Bug 40 - Charset defaulting behaviour.
Summary: Charset defaulting behaviour.
Status: RESOLVED INVALID
Alias: None
Product: Validator
Classification: Unclassified
Component: check (show other bugs)
Version: 0.6.0b1
Hardware: Other other
: P2 normal
Target Milestone: ---
Assignee: Terje Bless
QA Contact:
URL: http://crism.maden.org/
Whiteboard:
Keywords:
Depends on:
Blocks:
 
Reported: 2002-10-26 19:22 UTC by Terje Bless
Modified: 2002-10-26 23:44 UTC (History)
0 users

See Also:


Attachments

Description Terje Bless 2002-10-26 19:22:05 UTC
Reported by Christopher R. Maden:

When unable to detect an encoding, the new validator should use the 
prescribed defaults, which I believe still means ISO8859-1 for text/html 
over HTTP, and UTF-8 or UTF-16 for XHTML documents uploaded directly.

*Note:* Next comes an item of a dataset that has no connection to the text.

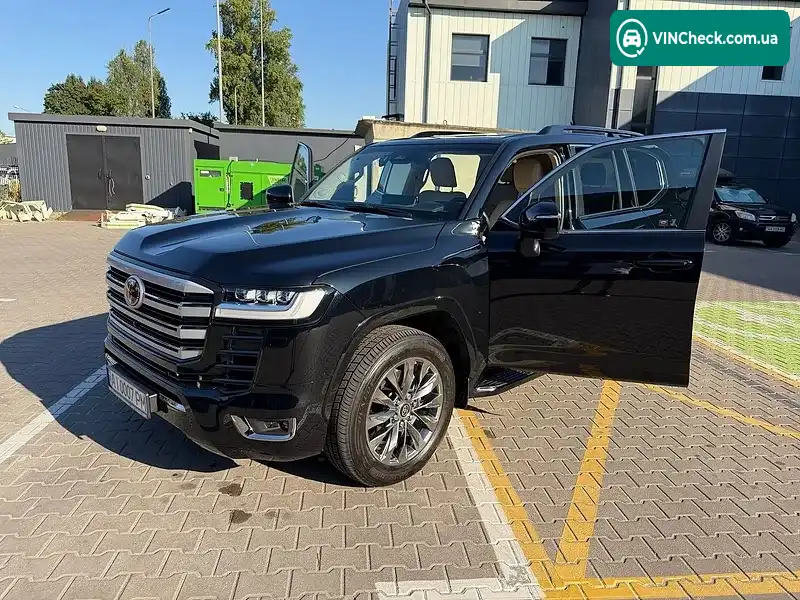 Toyota Land Cruiser 2025, фото з оголошення 1 з 20, VIN JTMAAABJ904121454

With the simple interface, validating <URL: http://crism.maden.org/ > 
reports that it is unable to detect the encoding, including using Appendix 
F of XML 1.0.  Using Appendix F is inappropriate for a document delivered 
over HTTP, since the HTTP headers take precedence (and thus it should be 
interpreted as ISO8859-1), but even so, using the Appendix F algorithm 
should result in a determination of UTF-8.  Either way, since this page is 
7-bit ASCII, the validation ought to work.
Comment 1 Terje Bless 2002-10-26 19:44:53 UTC
The HTTP specification does indeed specify ISO-8859-1 as the default value in
the absense of a "charset" parameter in the Content-Type header. However HTTP
and HTML 4.01 are in direct conflict here as the latter proscribes any
assumption about a default character encoding. And since a file upload is still
a HTTP transaction, although we do not normally think of it that way, the same
applies for any file upload with a text/html media type.

The algorithm in Appendix F of the XML Recommendation describes ways to attempt
to automatically detect the character encoding in use in the absence of
information from a higher level protocol. Since the HTTP transaction contained
no encoding information, we attempted the Appendix F algorithm. That algorithm
however, is intended for XML; and as such it requires either the presence of a
UNICODE Byte Order Mark, or an XML Declaration. In particular, if there is no
BOM, we look for the bit patterns that represent the characters "<?xml" in
various encodings.